By drastically reducing the data needed for training, EvolveDirector makes AI-generated content more accessible and efficient, outperforming industry-leading models in generating high-quality, diverse images.
Research: EvolveDirector: Approaching Advanced Text-to-Image Generation with Large Vision-Language Models
*Important notice: arXiv publishes preliminary scientific reports that are not peer-reviewed and, therefore, should not be regarded as definitive, used to guide development decisions, or treated as established information in the field of artificial intelligence research.
In an article recently submitted to the arXiv preprint* server, researchers at the Show Lab at the National University of Singapore and Alibaba Group explored the possibility of training a high-quality text-to-image (T2I) generation model using publicly available resources. They proposed a framework called EvolveDirector that interacted with advanced models through their application programming interface (APIs) to collect data and train a base model.
To overcome the limitations of large datasets, the authors introduced a method using pre-trained vision language models (VLMs) to guide the training process and refine the dataset. This approach reduced the required data volume from 11 million samples to just 100,000 while maintaining high performance. The final model, Edgen, demonstrated superior performance compared to the advanced models it was trained on, such as PixArt-α.
Background
Artificial intelligence (AI)-generated content has advanced significantly in recent years, with models like DALL·E 3, Midjourney, and Stable Diffusion producing realistic and creative images. These models typically rely on high-quality, proprietary datasets, making them commercially successful but limiting reproducibility due to their private parameters.
Prior efforts to train open-source models with public datasets have encountered challenges such as high computational costs and inefficient data usage. Despite using large-scale benchmarks like JourneyDB, these models remain less accessible due to the expenses involved in collecting massive datasets.
This paper addressed these gaps by introducing EvolveDirector, a framework that utilized VLMs to dynamically curate training data for a base model. EvolveDirector significantly reduced the required data by guiding the selection and refinement of training samples, cutting the data size by orders of magnitude. The framework refined training samples through operations like discrimination and mutation, making the training process more efficient.

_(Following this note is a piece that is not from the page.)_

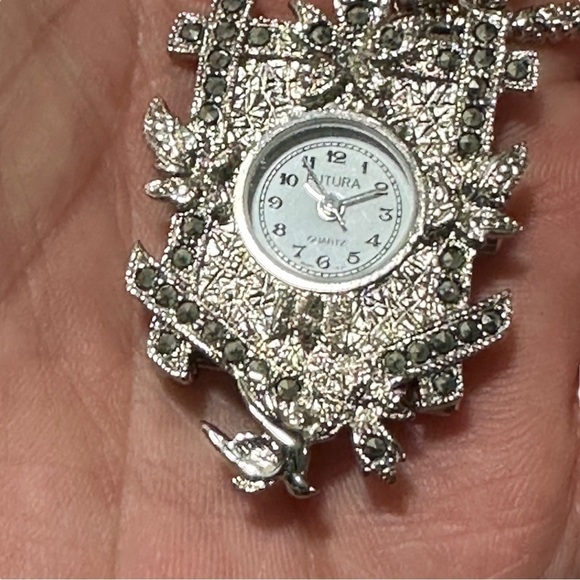 Vintage Jada Industries Silver-Tone Cuckoo Clock Pendant Brooch Japan Movement - Picture 8 of 10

Experimental results showed that the proposed model, Edgen, achieved performance comparable to advanced models such as Stable Diffusion 3 and DeepFloyd IF with far fewer data samples. Furthermore, Edgen surpassed even the most advanced models by leveraging VLMs to select high-quality training samples. This approach democratized T2I generation by making it more accessible and resource-efficient.
Dynamic Training and Data Curation
The EvolveDirector framework was designed to efficiently train T2I models using limited, high-value data. It consisted of three main components: interaction with advanced T2I models, maintenance of a dynamic training set, and training of a base model. First, EvolveDirector interacted with APIs from advanced T2I models to generate images from text prompts.
These images were evaluated by a VLM, which selected the best match and updated the dynamic training set. The VLM continuously evaluated the base model's performance, retaining high-value samples where the base model underperformed and discarding samples where it performed comparably to advanced models. This process ensured efficient learning by focusing on data that the base model needed to improve.
The VLM also generated variations of text prompts to diversify the dataset and avoid data redundancy. To further stabilize training, layer normalization techniques were applied to the multi-head cross-attention blocks within the diffusion transformer (DiT) base model. Finally, a multi-scale training strategy was employed, allowing the base model to handle images of various resolutions and aspect ratios.
Experimental Setup and Results
The researchers outlined the experimental setup and results for training a base model using the EvolveDirector framework and comparing it with several advanced models. The base model was trained on 16 A100 graphics processing units (GPUs) for 240 GPU days, utilizing a batch size of 128 for 512-pixel (px) images and 32 for 1024px images. The training involved both open-source and closed-source models, with EvolveDirector interacting via APIs.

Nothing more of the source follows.